Chances are that later in life, there are many places listed on your bucket list that you've wanted to visit your entire life. Maybe you've been setting money aside for adventures to exotic sights and sceneries. Perhaps you're retired and you've got a completely open schedule, allowing you to come and go as you please. As the old adage goes, it's not about the destination but the journey. No matter how seasoned a traveler you may be, figuring out ways to be more comfortable while traveling is extremely beneficial, especially as you age. Here are some tips and considerations to keep you smiling in flight.
When you're booking flights, you can compare prices online using Orbitz, Expedia and Travelocity. Each site offers a search bar that lets you select whether you want to see flights organized by the cheapest price, shortest flight or number of layovers. Layovers are most often seen as an inconvenience -- added travel time, potential for losing baggage, etc. But they are not always so.

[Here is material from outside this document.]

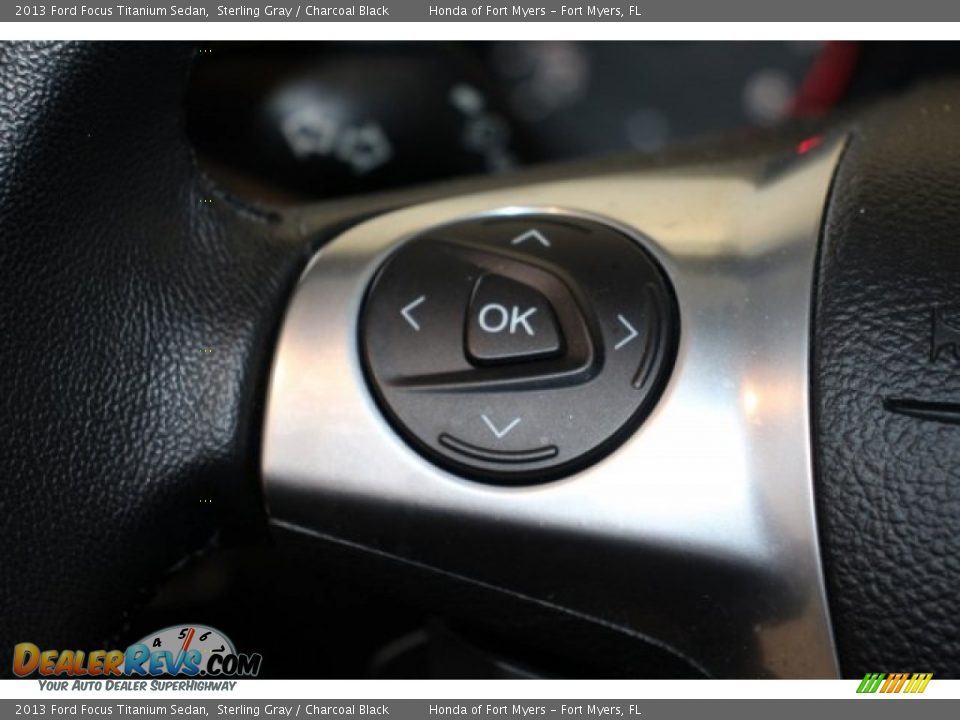 2013 Ford Focus Titanium Sedan Sterling Gray / Charcoal Black Photo #18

In fact, a layover can be a nice break between long flights and an opportunity for to stretch your legs and get the blood moving in your body, which is particularly important if you are dealing with an injury or a disability. Depending on your destination, you can generally find a short layover of less than an hour, or less than two hours for international travel. It's a short and sweet stop. But if you don't want to be rushed, look out for a layover of a few hours, which will allow you to take your time getting to the next departure gate and possibly enjoy a meal and a glass of wine. Plus, delays with the first flight can cause you to miss your connecting flight altogether, so a longer layover is a safer bet.

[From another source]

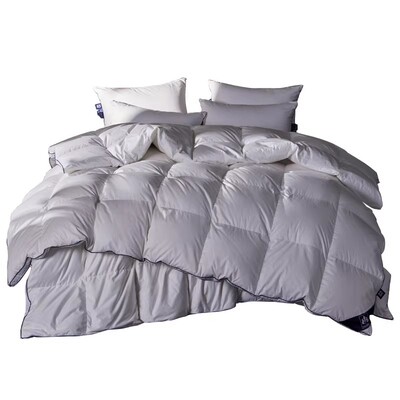 irisette羽绒被95白鹅绒有机桑蚕丝复合被冬被子春秋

If you would like to skip a layover altogether (or you have to), just know that nonstop flights are generally more expensive. Sleep deprivation is extremely common for passengers on long nonstop flights. To ease any discomfort, stock up on melatonin, a homeopathic sleep aid that won't leave you groggy when you wake up. Drink it down with a soothing hot tea. If you plan on sleeping through your flight, get up every three hours and take a walk to the rear of the plane in order to keep your body from stiffening too much.
Nutrition and travel often don't mix very well. Preselect your in-flight meal online (during booking or up to a few days before the flight). This is especially helpful for those with taste preferences and/or dietary restrictions. Additionally, take a special trip to the grocery store before your travel day and stock up on your favorite snacks. There will be no low blood sugar on this flight!
To avoid adding too much weight to carry or throwing out your back, check your bags and purchase one carry-on-sized roller suitcase as a travel essential. In the suitcase, pack the following items.
--One small fleece blanket. They are usually sold for $10 to $30 at Target.
--A neck pillow. If you don't have one, you can pick one up at an airport shop.
--An eye mask for sleeping.
--Lip balm and a reusable water bottle, as flying causes dehydration.
--Earplugs (to tune out the snorer next to you).
--A small pillow for the arch of your back.
--A pair of socks, so you can remove your shoes but keep your feet warm.
--Headphones for in-flight entertainment and/or music.
--Your favorite books and magazines.
--An iPhone or iPad to read e-books and listen to music.
--One pack of hand sanitizer wipes.
--One pack of cool wipes to refresh your face and skin.
The great thing about the notes above is that they also apply for travel with other modes of transportation, which may be better-suited for you. Bus companies usually offer senior rates. Many of them offer luxury travel options, too. Major train companies like Amtrak (in the U.S.) and Eurail (in Europe) have stops in nearly every big city in the country, as do most major car rental companies. If you plan on driving your own car for most of your trip, pack a few extra pairs of sunglasses in your glove compartment, and store a few full water bottles in a reachable place. Prefer ground travel with a group? Go to http://seniortours.com/destinations to book a trip for you and your friends -- and save a lot of money with a group rate.
If none of these methods of transportation strikes your fancy, head to the Cruise Critic website to compare prices and destinations. Sometimes, by sea is the way to be.
These tips cover all the bases. As you use them, you'll figure out what works best for you. Share your secrets with your friends and family so they, too, can cruise with comfort. And no matter where you go or how you get there, remember to capture as many moments as possible.